UltraVan Back on the road

So hey, now we’re on the road, look at that! it’s really hard to describe with pictures and text how gorgeous the view out of this big ol’ Egg actually is. There’s nearly nothing in the way of your field of view as you drive. You can see the entire landscape ahead and to the sides. It’s outstanding. Rear visibility is akin to trying to parallel park a drunk water buffalo, but man that forward view is to die for! Literally. The front crumple zones are your knees. Probably your ankles. Defiantly femurs.

UltraVan's mirrors

The view out of the RVs mirrors is somewhat iffy. They’re mostly plastic and mounted to thin aluminum skin with a single contact point. They wobble like a fat lady on one of those 1920’s weight loss machines that’s just a giant electric motor and belt that tries to literally shake the fat clear off your body. I’m noticing in this picture the sky is hazing over. The closer I got to The Great Northwet the more cloudy and gray things became.
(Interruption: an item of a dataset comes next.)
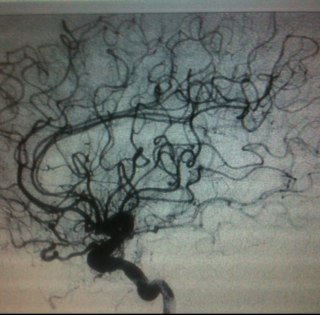 AlephCas's profile picture. UNAM - Ortopedia//. Endoprotesis y Ortobiologicos, Porque no Saber y Sonreir cada dia un poco mas...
I figured now was a good time to check my wipers to make sure they still worked, so I pulled over and promptly forgot to check the wipers till I was back on the road getting rained on.

Fueling the UltraVan

Overall the gas stops were somewhat infrequent. I tended to stop more simply because the fuel gauge was…spotty. It also fogged over at altitude on the passes so I just sorta assumed there was fuel in there. I forget what the total was for fuel but I went on a full tank from Weed California (at the top edge) over the Siskiyou Pass which peaks at 4,310 ft above ocean and to Portland Oregon and still have gas in the tank. I would find out once home that something rather important was massively out of adjustment and my fuel mileage could have probably been a lot better.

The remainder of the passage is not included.